御朱印は仁王門の北にある方丈で貰うのだが、入口は庫裏であったのだろう高く太い梁がかかり、吹抜けになっている。昔の人は立派なものを建てたものだ。
寺を辞し、JRの線路を越えて伏見街道まで戻る。200mほど南に下がると聖母女学院本館の前に来る。シンメトリックな赤レンガ造り、2階建て銅板葺の堂々たる建物だ。平成28年には国登録文化財に指定されている。建物は明治41年、陸軍第16師団司令部庁舎として建てられた。戦後当学院に払い下げられ、正門前にはマリア像も建てられている。
なお京阪深草駅から西に行くと龍谷大学深草学舎がある。深草には3つの大学を始め諸学校がある文教地域でもあるのだ。

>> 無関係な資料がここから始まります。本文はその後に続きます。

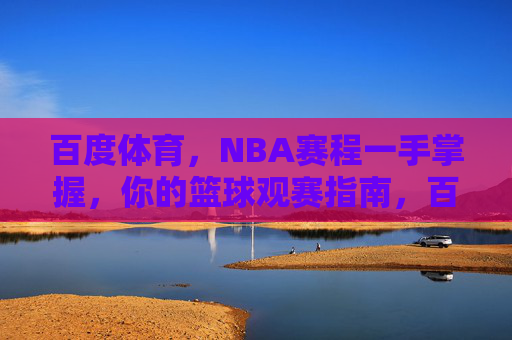 百度体育,NBA赛程一手掌握,你的篮球观赛指南,百度体育,NBA赛程一手掌握,你的篮球观赛指南 百度体育,NBA赛程一手掌握,你的篮球观赛指南,百度体育,NBA赛程一手掌握,你的篮球观赛指南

学院前を200mも南に行くと名神高速の高架をくぐる。さらに南に行くと七瀬川に架かる橋、直違橋(すじかいばし)にやってくる。七瀬川に対して伏見街道に沿うこの橋が斜めに架けられていることからこう呼ばれている。京都検定では難読地名の一つして出題される。なお伏見街道もこのあたりは直違橋通りと呼ばれている。
この橋から南に200mほど行ったところを東に入ると藤森神社はある。京都検定1級の小論文問題に堂々取り上げられた神社だ。京都新聞出版センター発行の「問題と解説」の解答例を転載してみよう。解答は150字以上200字以内の文章という制限があるので( )内に説明の補足を入れておく。太字下線は必ず含まなければいけないとされた語句である。
藤森神社は(平安遷都以前より深草の地にあり)本殿に神功皇后を始め12神(スサノオノミコト、応神天皇、仁徳天皇、天武天皇、早良皇子ら)を祀る古社。(神功皇后が新羅より凱旋した後、この地を「神在の聖地」として、軍旗、兵具を地に納め、塚を作って神を祀ったのが起こりとされる。それにちなみ)勝運と馬の神社として信仰を集めている。毎年5月5日の藤森祭で奉納される駈馬神事は、乗り手の馬上での妙技が見どころである。(藤森祭は菖蒲の節句、端午の節句発祥の祭りといわれ、氏子地域を神輿や武者行列が練り歩き、その様子から端午の節句に武者人形や鎧甲を飾る習慣が生まれたという。菖蒲は勝負につながることから、勝負と馬の神様として、競馬関係者、競馬ファンがよく訪れる。)境内には本殿裏側に大将軍社と八幡社の二つの国の重要文化財の摂社があり、本殿脇には伏見の名水の一つである不二の水が湧く。さらに6月になると3500株のアジサイが境内を美しく彩り、「アジサイの宮」とも呼ばれている。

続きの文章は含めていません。